The following is a core standard in this domain:
'Healthcare
organisations have systems in place to ensure that treatment and
care are based upon nationally agreed best practice or nationally
agreed guidance, including NICE technology appraisals.'
— This will be monitored by the Healthcare Commission.
Also note:
'…ensuring
that the local director of public health's annual report informs
their policies and practices.'
— This is an important document to collect and use at a local
level.
'Healthcare
organisations will have disease prevention and health promotion
programmes which meet the requirements of the NSFs and national
plans'.
— This will place an interesting duty on all acute trusts.

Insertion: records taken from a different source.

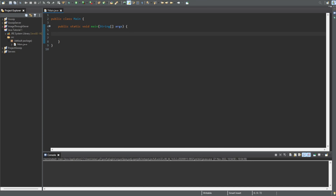Hello everyone and welcome to this Java series. Today in this tutorial we are going to be going over data types. We kind of skimmed through it in the first video, but we're going to go a bit more into depth and I'm going to explain all of the data types that Java has to offer.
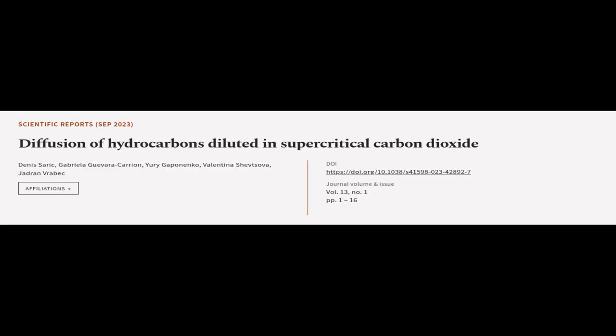This article was authored by Denis Sarek, Gabriela Gavar-Karian, Yuri Gapanenko, and others.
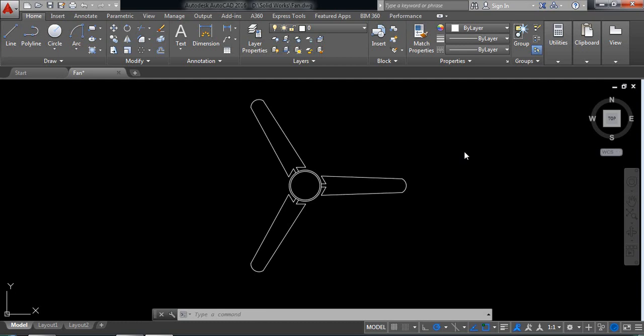Hello everybody. Today I'm going to show you how to draw this fan in AutoCAD 2D. So let's begin.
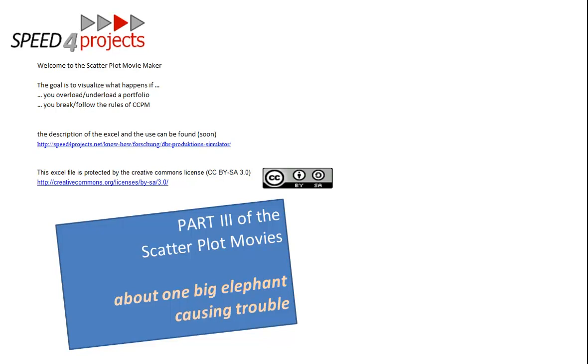Welcome to part 3 of the scatterplot movies. This time the question is: what happens if in a normal and well-adjusted portfolio one big additional project is inserted or started? How does the scatterplot react to this event?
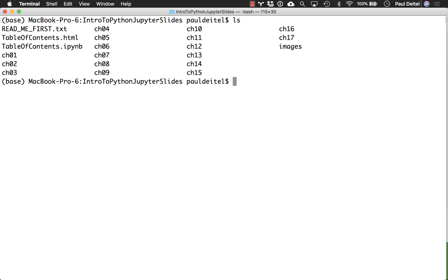When you go to the Pearson Instructor Resource Center and download the slides and extract the contents onto your system, you will have a folder that looks like the one I have here on the screen. Within that folder you'll see a readme first text file, which of course you should take a look at first.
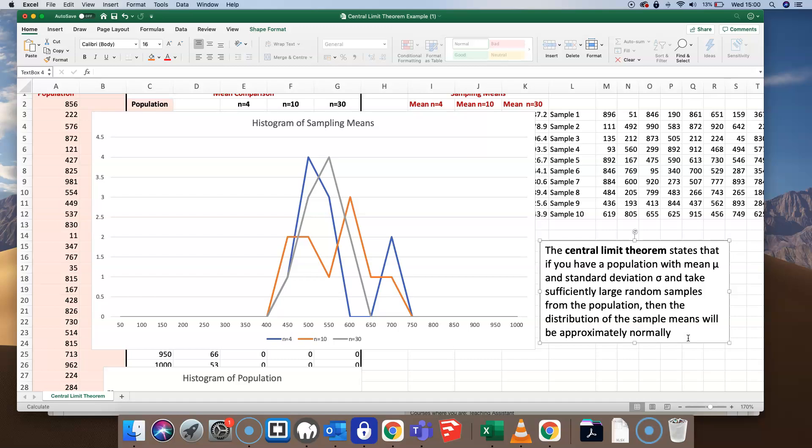The question after the Central Limit Theorem is: how much is an appropriate sample rate — what should n be? That really depends on the original population and how normal its distribution is. If the population is reasonably normal, a sample size of 25 to 30 will suffice, even with slight positive or negative skewing. However, the less normal the distribution of the original population, the larger the sample rate we'll need to use. And that's the Central Limit Theorem.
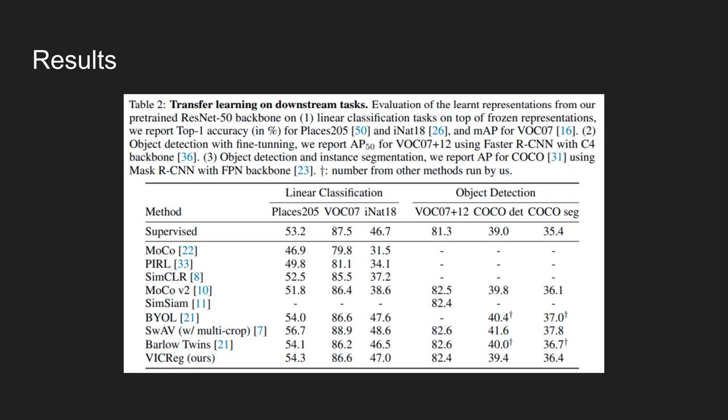Now, the trained VICReg model not only works well on the classification task, but it also works well on various downstream tasks like object detection and segmentation tasks. This table shows the performance of the model on object detection when using faster RCNN.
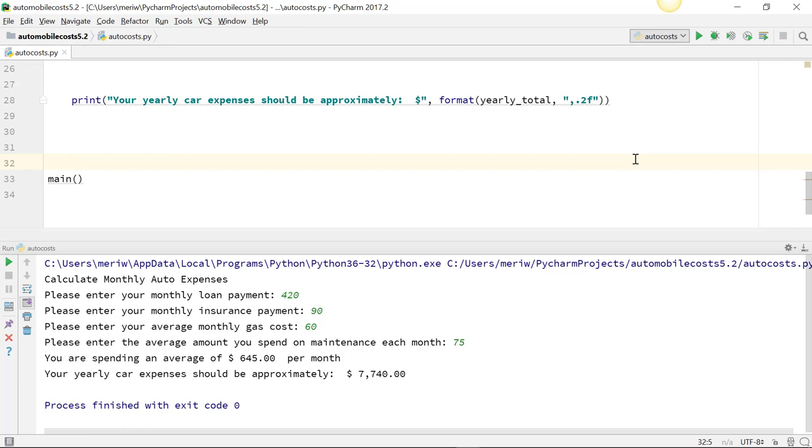You will frequently need to format output so that it is in a currency or similar format, where you have commas and dollar signs and decimal points. And you should be pretty comfortable with this, because you're going to do it in probably half of the assignments.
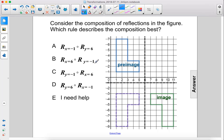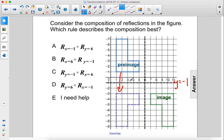Consider the composition of reflections in the figure. Which rule describes the composition best? We have our pre-image. We reflect it across the line y equals negative 1. That's the first step.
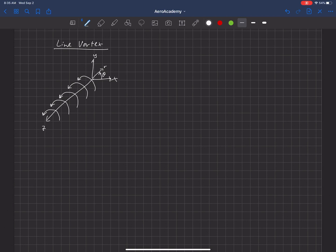And as you move out, the flow slows down. So as you get closer to that vortex, it speeds up, and as you move out, it slows down.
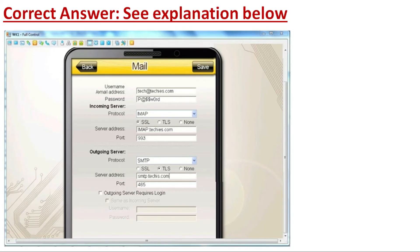For the outgoing server, we select SMTP protocol, security is TLS, server address is smtp.tkz.com, and the port number is 465. This simulation has been completed. I hope you are enjoying this video — if you like it, don't forget to subscribe.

So it highly likely now that the current star rating system will
be scrapped by 2006. Consultation on the criteria on which performance
is assessed and the methodology to measure it will be launched by
the Healthcare Commission by the end of 2004.
Commission for Health Improvement
This body has
now been wound up. Amongst the last things to do before the lights
were switched off was to publish a report on a number of service
failures which strongly suggested that the national focus on access
targets for acute trusts could be a key factor behind many failures
as it probably has led to other services receiving less attention.
Risk factors for serious failure identified by the commission at
service operational level included:
- inadequate
arrangements for clinical effectiveness and poor team relationships
with a closed culture at strategic level in the main organisation,
lack of strategic direction and history of recent merger
- at health
community and national policy level, a service may be relatively
low profile and low priority at national level and in policy terms
and different organisations within the health economy not working
together as they should.
Manchester University’s
centre for healthcare management published an analysis of the Commission
for Health Improvement’s work and what lessons the Healthcare
Commission can learn. Learning from CHI: the impact of healthcare
regulation Bottom line Learning
from CHI: the impact of healthcare regulation looks
at the principles of effective regulation.